Council house tenants have reacted angrily to the prospect of a 10 per cent rent rise if the government does not write off the SIC’s £40 million housing debt.
Nearly 300 householders completed a Shetland Tenants’ Forum survey relating to the housing debt. The overwhelming majority did not see why they should pay for the failed promises of national politicians to write off the debt, which was chalked up building houses during the 1970s oil boom.
The UK government’s coffers have swelled to the tune of over £300 billion thanks to North Sea oil and gas. In her article in this week’s Shetland Times, independent Highlands and Islands list MSP Jean Urquhart describes it as “nothing short of a scandal” that none of the money has “found its way to cancelling the debt incurred by Shetland to facilitate the industry in the first place”.
This newspaper’s petition calling for government to write off the debt is gaining momentum, with more than 1,300 signatures (1,097 online and over 200 coupons) now gathered.
It is nearly six months since an SIC delegation visited Downing Street to plead its case. Three-way talks between Westminster, Holyrood and Lerwick Town Hall were promised but have yet to materialise, much to the council’s frustration.
Tenants’ forum worker Joann Johnson thanked everyone who had taken the time to fill out this month’s survey. She said the comments received “varied because some knew about the debt and some didn’t”.
Of those who responded, 63 per cent were aware of how the debt was incurred. Some wrongly thought it related to rent arrears, while others linked it to years of financial mismanagement by the local authority.
But virtually every respondent said they did not see why today’s 1,800 tenants should suffer because successive governments failed to keep their word.
Some said rents – among the highest for social housing anywhere in Scotland – had risen by more than a quarter since 2009 while their salaries were frozen.
Tenants were asked who they felt was responsible for paying the debt. Of 232 to answer that question, the majority (150) said it should be the UK government, while 46 said the Scottish government and 36 the SIC or tenants. A few suggested BP should be asked to help pay a portion given many of the homes were built for its workers.

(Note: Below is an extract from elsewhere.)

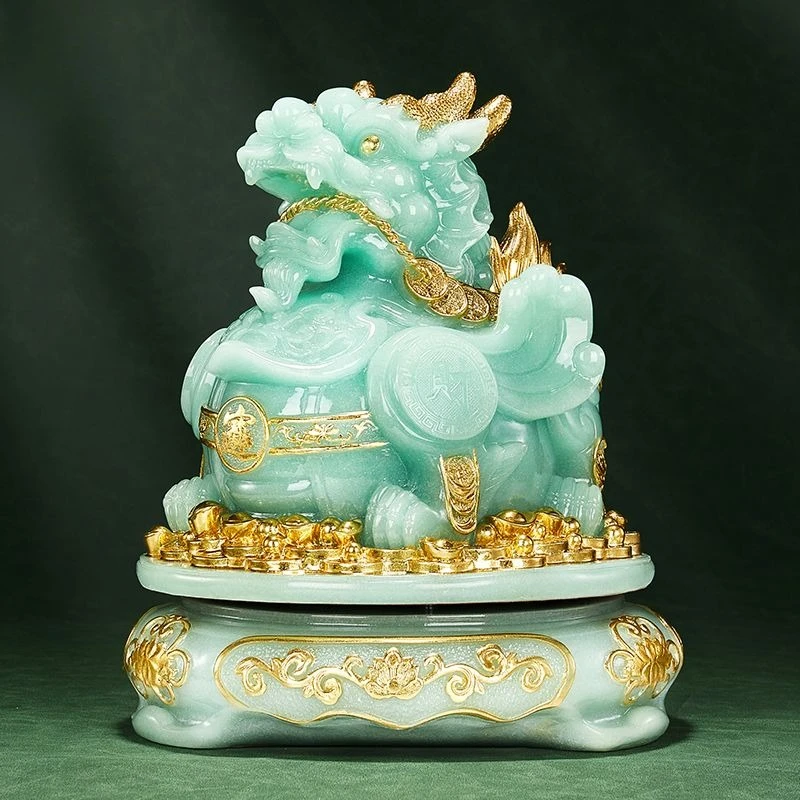 Jade Pi Yao Feng Shui Money Attracting Ornament Home Decor Living Room Display Cabinet Housewarming Business Opening Gift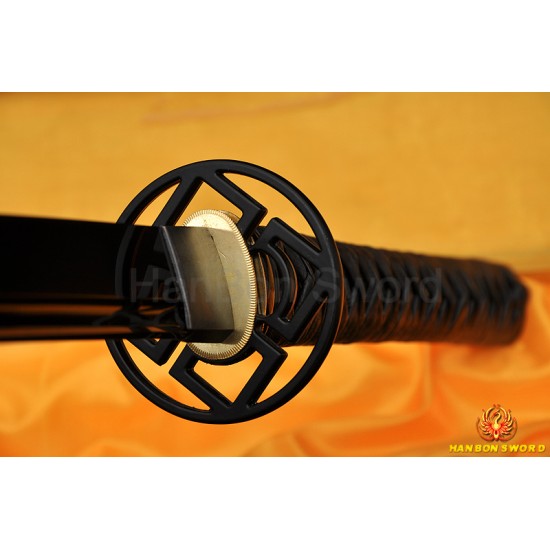 Functional Hand Forged Black Ninjato Japanese Ninja Sword Black Full Tang Blade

Two weeks ago Northern Isles MP Alistair Carmichael said the SNP government was still receiving money to service the debt but “choosing to spend it elsewhere’. He said First Minister Alex Salmond should not think of coming to Shetland “empty handed” for next month’s cabinet meeting.
Ms Urquhart hit back yesterday, saying Mr Carmichael and chief secretary to the Treasury Danny Alexander had yet to take “visible action” to help get the debt dropped.
She pointed out that Mr Alexander had vocally campaigned for Highland Council’s housing debt to be written off before joining the coalition in 2010.
But she recognised SIC convener Malcolm Bell’s call for both governments to “play their part in righting this historic wrong”.
Many local authorities in Scotland are burdened with housing debt, albeit not built up in the same fashion. However, at £22,958 for every council house, Shetland’s is the highest, with Midlothian the second highest at £20,470 and Falkirk lowest with just £4,428 per house.
You can sign the Shetland Times’ petition here.
“The government should have sorted it out years ago. After all they have got the profit from the oil!”
“As an OAP the thought that my rent could increase by at least 10% is frightening. What if I can’t pay it?”
“BP wanted the houses. They or the government should pay it.”
“I am already squeezed to the point where all my pennies are prisoners.”
“Why oh why do the tenants have to suffer?”